# The Lyre of Orpheus



## millionrainbows

​

From reviews: 
"_The Lyre of Orpheus_ is a landmark book, opening up new ground for our understanding of religious elements of popular music. Partridge moves the discussion of religion and popular music on from concerns about the religious meanings of lyrics, or broad analogies of popular music scenes as 'religions,' by addressing how music constructs emotional experiences which reinforce or transgress social understandings of the sacred... he shows how popular music continues to have religious significance in social settings far removed from traditional forms of institutional religion, as well as illuminating the complex relationships that persist between popular music and religious traditions. Demonstrating an authoritative understanding of both popular music and scholarly resources for interpreting it, Partridge has produced a book that will be a key reference point for future work."--Gordon Lynch, Michael Ramsey Professor of Modern Theology, University of Kent


"_The Lyre of Orpheus_ itself functions as edgework too. In an academic context in which studying the sacred dimensions of music often result in an exploration of a particular genre, Partridge offers us insights in the analysis of how music works and matters from an original perspective. He demonstrates how the relationship between sacrality and music extends beyond the genre of sacred music. This approach would be worthwhile to extend into other musical fields, such as classical and non-western music. It is about time to put everything perceived as irreplaceable about the musical sacred and move it to the left. " --_Marginalia_


----------



## psfrankel

When I first saw the title of this thread, I thought it was going to be about Robertson Davies' The Lyre of Orpheus:

http://https://en.wikipedia.org/wiki/The_Lyre_of_Orpheus_(novel)

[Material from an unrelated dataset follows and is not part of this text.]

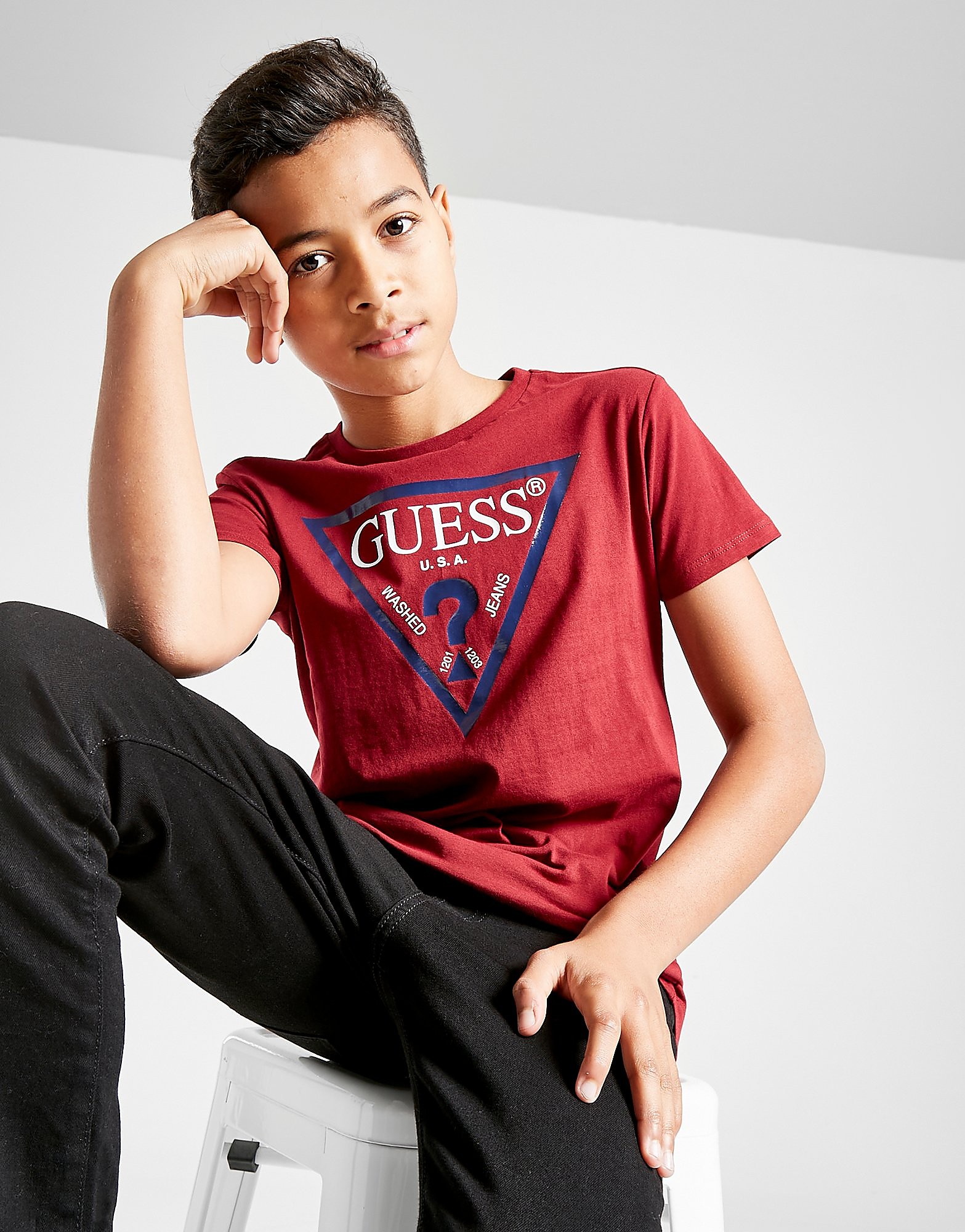 

GUESS Triangle Logo T-Shirt Junior - Red/Navy - Kids, Red/Navy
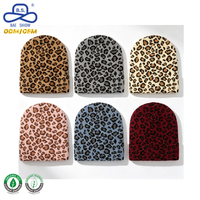 Gorro de punto grueso premium con estampado de leopardo, puño plegado, diseño de animales, afelpado, estilo urbano, logotipo personalizado, fabricante directo ODM OEM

Which is also great. Now I'm thinking I should re-read the Davies' trilogy AND this book, too!


----------



## Pugg

psfrankel said:


> When I first saw the title of this thread, I thought it was going to be about Robertson Davies' The Lyre of Orpheus:
> 
> http://https://en.wikipedia.org/wiki/The_Lyre_of_Orpheus_(novel)
> 
> Which is also great. Now I'm thinking I should re-read the Davies' trilogy AND this book, too!


Good and great idea.


----------